Whatever appears in the records apart from pictures must be reproduced exactly.

------------------------------------

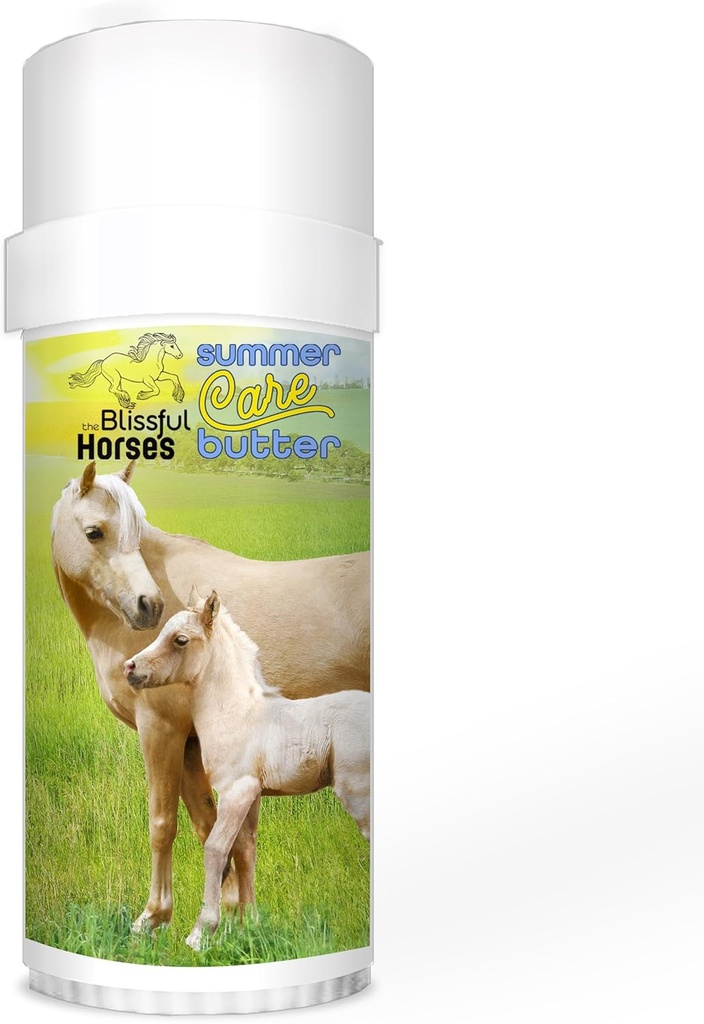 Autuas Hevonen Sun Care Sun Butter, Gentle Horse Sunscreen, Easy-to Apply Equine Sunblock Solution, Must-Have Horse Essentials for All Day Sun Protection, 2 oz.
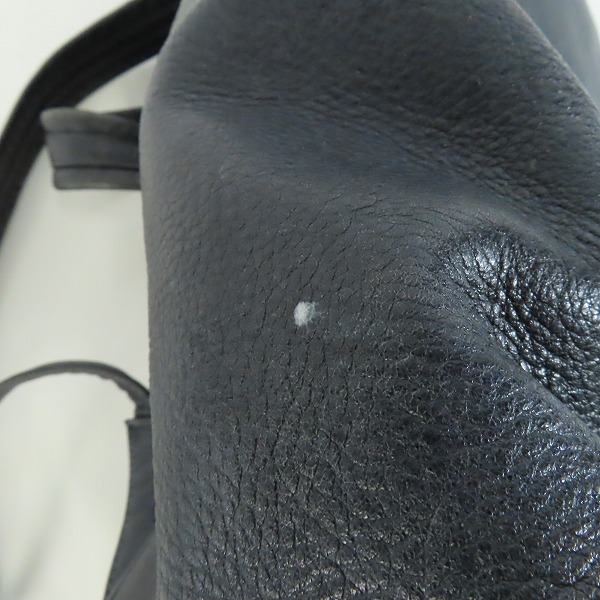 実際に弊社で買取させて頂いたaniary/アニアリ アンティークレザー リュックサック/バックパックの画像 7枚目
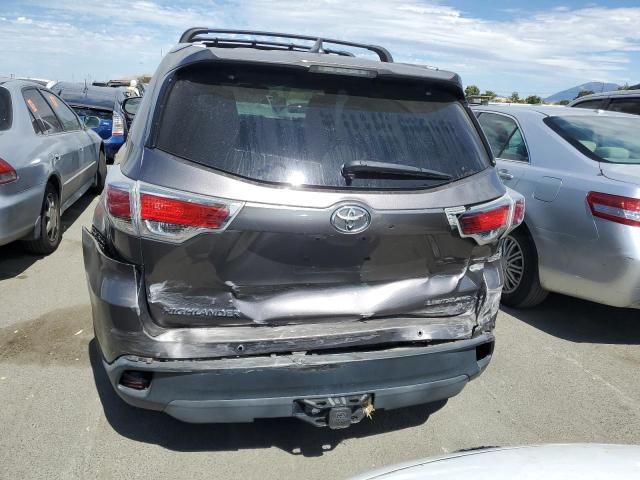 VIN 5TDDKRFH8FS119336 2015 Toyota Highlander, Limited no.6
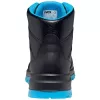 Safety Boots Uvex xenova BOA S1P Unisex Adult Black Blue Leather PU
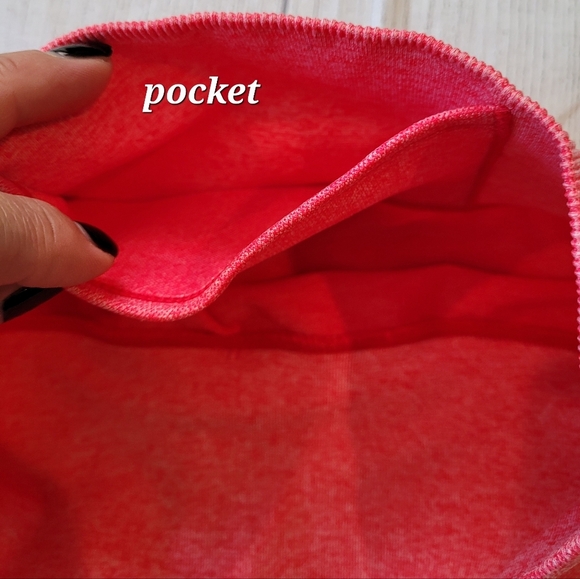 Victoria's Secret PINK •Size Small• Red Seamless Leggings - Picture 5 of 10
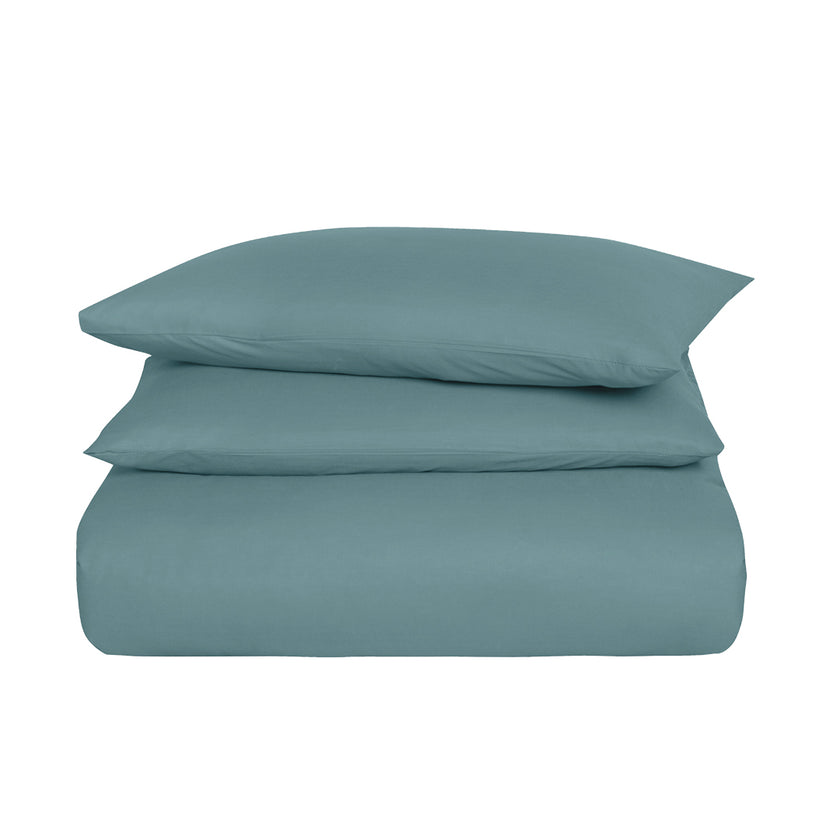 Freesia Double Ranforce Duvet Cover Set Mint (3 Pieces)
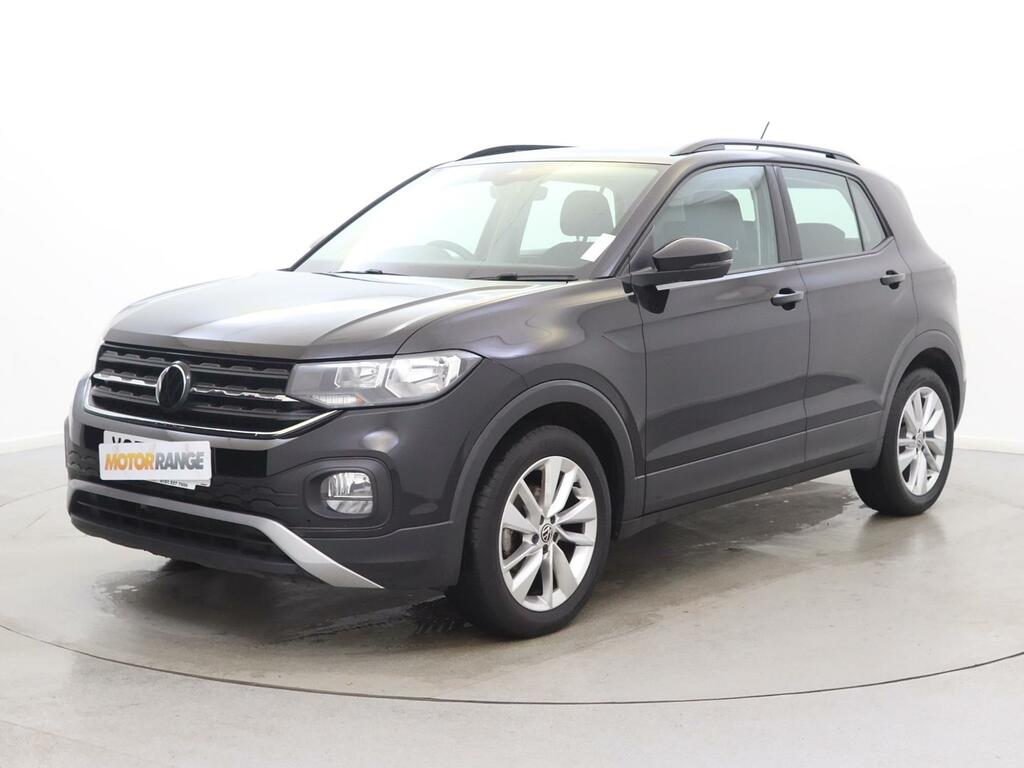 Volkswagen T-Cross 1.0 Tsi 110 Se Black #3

------------------------------------

PROBLEM SOLUTION:
 Autuas Hevonen Sun Care Sun Butter, Gentle Horse Sunscreen, Easy-to Apply Equine Sunblock Solution, Must-Have Horse Essentials for All Day Sun Protection, 2 oz.
 実際に弊社で買取させて頂いたaniary/アニアリ アンティークレザー リュックサック/バックパックの画像 7枚目
 VIN 5TDDKRFH8FS119336 2015 Toyota Highlander, Limited no.6
 Safety Boots Uvex xenova BOA S1P Unisex Adult Black Blue Leather PU
 Victoria's Secret PINK •Size Small• Red Seamless Leggings - Picture 5 of 10
 Freesia Double Ranforce Duvet Cover Set Mint (3 Pieces)
 Volkswagen T-Cross 1.0 Tsi 110 Se Black #3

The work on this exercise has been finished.